▼
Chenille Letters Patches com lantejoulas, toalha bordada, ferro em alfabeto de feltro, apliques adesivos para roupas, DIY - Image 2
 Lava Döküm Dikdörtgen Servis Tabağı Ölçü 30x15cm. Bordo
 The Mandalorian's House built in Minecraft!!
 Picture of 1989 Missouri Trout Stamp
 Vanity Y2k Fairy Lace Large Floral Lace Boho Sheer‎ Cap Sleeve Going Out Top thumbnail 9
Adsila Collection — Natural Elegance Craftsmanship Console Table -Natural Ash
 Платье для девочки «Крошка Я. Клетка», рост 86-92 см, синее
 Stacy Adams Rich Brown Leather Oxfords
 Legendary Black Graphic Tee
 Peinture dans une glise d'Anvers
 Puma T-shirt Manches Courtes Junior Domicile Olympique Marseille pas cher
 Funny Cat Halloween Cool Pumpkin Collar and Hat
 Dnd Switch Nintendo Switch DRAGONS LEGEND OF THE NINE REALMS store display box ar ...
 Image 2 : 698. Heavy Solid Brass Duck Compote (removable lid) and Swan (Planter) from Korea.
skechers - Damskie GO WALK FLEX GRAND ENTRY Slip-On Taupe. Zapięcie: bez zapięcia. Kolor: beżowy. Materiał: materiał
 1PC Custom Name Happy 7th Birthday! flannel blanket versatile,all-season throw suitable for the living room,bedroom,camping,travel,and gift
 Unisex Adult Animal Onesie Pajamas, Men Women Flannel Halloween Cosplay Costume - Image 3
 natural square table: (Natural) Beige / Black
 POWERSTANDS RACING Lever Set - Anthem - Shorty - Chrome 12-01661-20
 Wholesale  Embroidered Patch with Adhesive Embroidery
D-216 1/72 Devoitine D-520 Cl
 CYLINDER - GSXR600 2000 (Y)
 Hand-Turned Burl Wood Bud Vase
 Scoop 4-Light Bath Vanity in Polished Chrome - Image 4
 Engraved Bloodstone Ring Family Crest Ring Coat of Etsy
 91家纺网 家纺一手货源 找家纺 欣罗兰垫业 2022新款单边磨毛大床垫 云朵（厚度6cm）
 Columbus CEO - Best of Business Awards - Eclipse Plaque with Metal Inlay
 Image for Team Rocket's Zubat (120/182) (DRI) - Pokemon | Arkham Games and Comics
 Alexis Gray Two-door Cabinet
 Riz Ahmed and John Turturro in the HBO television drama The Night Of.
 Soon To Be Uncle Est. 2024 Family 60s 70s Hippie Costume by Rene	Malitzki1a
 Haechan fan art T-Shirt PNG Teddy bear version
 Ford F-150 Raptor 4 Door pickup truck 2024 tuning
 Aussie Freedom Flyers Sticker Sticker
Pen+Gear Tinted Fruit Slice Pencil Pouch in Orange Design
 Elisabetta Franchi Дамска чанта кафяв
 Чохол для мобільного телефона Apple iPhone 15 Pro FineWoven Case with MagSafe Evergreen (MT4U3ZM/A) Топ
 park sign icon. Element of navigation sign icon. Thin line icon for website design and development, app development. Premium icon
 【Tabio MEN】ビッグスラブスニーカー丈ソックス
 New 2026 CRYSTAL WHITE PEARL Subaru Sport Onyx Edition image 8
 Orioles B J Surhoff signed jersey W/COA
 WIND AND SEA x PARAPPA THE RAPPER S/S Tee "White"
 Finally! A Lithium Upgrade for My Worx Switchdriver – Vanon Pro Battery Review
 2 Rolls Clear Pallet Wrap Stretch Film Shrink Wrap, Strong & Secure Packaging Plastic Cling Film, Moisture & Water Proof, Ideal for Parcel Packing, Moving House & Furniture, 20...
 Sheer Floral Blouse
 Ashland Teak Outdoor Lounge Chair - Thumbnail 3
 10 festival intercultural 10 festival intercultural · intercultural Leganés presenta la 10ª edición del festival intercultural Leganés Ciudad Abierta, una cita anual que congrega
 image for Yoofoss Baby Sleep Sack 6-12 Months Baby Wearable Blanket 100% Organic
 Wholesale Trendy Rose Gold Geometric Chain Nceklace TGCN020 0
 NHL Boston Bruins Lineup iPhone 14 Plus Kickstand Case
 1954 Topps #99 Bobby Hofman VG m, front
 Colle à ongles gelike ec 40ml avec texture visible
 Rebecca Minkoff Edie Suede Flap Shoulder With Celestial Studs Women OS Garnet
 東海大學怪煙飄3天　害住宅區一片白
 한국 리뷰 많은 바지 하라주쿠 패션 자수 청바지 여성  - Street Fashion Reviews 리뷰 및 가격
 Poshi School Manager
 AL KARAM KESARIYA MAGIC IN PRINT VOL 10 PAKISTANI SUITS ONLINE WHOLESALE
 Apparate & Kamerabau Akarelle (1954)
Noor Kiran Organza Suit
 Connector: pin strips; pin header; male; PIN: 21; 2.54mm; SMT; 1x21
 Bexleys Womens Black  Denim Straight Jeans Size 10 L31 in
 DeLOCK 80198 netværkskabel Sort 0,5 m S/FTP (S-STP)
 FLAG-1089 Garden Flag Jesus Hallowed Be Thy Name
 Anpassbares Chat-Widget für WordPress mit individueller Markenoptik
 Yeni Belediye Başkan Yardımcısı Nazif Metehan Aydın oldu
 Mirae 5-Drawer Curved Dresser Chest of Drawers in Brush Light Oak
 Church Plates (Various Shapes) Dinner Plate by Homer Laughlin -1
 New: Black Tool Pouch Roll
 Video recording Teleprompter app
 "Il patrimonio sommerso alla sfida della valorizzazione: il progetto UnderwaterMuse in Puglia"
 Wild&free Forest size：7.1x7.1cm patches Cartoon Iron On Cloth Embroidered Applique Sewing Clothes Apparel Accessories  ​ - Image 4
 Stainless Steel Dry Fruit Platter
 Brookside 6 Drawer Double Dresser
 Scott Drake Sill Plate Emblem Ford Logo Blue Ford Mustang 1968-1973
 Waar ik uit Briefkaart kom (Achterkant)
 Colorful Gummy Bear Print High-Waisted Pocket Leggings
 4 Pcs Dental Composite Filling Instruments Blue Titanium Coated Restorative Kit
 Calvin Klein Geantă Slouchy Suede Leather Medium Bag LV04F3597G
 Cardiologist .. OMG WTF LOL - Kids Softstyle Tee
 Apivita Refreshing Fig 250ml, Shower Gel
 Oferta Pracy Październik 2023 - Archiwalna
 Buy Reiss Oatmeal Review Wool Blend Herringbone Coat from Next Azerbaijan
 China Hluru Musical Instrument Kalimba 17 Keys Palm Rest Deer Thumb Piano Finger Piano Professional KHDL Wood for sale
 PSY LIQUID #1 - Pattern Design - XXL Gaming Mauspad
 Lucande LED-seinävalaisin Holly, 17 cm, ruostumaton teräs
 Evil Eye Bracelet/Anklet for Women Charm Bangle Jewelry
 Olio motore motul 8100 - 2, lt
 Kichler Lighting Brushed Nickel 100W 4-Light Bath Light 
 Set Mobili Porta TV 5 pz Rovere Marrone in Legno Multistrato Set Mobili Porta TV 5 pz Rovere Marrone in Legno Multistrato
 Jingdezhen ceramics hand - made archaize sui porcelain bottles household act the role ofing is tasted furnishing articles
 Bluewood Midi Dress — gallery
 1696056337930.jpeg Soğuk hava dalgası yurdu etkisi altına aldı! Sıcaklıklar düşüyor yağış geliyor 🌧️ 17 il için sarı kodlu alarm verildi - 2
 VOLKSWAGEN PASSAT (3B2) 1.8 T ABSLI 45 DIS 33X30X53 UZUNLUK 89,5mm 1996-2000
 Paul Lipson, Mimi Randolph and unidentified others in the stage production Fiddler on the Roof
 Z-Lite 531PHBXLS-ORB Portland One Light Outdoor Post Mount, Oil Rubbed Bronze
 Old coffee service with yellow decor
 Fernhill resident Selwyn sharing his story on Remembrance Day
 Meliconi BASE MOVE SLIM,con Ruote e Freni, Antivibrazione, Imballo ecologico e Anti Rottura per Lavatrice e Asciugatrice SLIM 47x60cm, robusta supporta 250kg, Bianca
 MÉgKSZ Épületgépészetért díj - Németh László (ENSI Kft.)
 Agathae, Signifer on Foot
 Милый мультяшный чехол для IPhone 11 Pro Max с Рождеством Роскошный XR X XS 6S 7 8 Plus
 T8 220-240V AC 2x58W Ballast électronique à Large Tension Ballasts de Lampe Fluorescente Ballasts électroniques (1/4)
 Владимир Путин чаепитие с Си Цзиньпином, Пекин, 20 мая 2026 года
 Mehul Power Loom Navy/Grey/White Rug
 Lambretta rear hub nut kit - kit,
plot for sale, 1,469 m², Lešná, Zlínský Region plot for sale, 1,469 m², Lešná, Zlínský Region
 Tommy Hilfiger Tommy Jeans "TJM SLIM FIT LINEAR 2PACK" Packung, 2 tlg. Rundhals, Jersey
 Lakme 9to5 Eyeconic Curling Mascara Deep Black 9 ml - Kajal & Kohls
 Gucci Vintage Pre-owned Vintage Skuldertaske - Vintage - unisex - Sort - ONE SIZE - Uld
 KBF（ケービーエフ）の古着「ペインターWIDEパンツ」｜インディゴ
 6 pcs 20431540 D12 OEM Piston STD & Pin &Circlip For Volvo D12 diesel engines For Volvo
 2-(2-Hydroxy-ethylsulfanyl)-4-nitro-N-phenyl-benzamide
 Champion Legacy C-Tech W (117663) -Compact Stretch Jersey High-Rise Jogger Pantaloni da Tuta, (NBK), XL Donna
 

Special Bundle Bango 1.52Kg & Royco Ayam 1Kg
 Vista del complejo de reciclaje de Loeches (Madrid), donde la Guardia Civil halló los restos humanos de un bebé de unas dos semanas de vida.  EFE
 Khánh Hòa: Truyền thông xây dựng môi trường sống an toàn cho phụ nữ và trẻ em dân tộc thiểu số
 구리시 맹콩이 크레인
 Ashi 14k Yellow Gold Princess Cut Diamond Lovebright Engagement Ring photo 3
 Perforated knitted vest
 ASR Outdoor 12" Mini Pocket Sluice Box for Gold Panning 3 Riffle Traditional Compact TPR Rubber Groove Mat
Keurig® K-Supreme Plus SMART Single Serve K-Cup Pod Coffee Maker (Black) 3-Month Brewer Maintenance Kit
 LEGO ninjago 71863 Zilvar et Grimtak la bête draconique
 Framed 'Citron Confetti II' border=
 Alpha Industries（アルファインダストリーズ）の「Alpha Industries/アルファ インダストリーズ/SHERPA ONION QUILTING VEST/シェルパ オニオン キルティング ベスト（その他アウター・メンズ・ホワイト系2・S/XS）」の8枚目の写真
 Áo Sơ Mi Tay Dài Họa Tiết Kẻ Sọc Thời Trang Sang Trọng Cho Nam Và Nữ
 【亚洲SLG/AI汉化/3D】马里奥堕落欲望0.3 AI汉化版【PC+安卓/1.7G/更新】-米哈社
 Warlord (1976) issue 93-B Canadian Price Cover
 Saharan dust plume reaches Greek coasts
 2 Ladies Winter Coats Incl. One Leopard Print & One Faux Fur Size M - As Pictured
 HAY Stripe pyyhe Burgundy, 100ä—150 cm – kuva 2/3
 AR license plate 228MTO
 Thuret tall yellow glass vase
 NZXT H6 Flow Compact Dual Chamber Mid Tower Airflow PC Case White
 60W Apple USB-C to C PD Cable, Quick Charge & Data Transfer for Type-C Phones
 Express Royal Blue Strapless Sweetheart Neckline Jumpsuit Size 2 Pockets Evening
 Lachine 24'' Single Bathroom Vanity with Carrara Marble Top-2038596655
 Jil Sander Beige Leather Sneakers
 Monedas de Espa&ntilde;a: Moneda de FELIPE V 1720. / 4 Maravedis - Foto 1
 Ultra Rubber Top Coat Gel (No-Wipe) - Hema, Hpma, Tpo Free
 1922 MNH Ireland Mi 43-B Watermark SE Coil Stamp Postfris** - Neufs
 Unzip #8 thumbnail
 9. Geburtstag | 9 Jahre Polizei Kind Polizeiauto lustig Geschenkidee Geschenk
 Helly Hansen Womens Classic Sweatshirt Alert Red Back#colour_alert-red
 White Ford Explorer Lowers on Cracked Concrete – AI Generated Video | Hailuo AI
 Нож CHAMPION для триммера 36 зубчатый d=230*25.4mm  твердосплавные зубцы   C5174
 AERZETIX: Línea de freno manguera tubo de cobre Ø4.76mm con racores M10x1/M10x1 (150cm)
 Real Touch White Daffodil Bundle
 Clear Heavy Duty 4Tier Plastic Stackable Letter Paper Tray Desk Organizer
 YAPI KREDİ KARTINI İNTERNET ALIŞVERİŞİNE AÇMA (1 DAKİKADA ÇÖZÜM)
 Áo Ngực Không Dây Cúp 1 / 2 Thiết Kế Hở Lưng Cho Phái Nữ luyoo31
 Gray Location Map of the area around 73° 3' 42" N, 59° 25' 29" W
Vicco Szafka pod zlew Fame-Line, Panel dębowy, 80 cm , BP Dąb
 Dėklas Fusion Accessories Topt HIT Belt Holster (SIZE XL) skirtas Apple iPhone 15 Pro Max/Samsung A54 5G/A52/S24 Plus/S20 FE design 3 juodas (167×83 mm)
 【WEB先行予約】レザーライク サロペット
▲
WHAT IS BEING ASKED: The answer is the run of lines above from the line containing "Aussie Freedom Flyers Sticker Sticker" through the line containing "park sign icon.", copied exactly and alone.

ANSWER FOR THIS EXERCISE:
 Aussie Freedom Flyers Sticker Sticker
Pen+Gear Tinted Fruit Slice Pencil Pouch in Orange Design
 Elisabetta Franchi Дамска чанта кафяв
 Чохол для мобільного телефона Apple iPhone 15 Pro FineWoven Case with MagSafe Evergreen (MT4U3ZM/A) Топ
 park sign icon. Element of navigation sign icon. Thin line icon for website design and development, app development. Premium icon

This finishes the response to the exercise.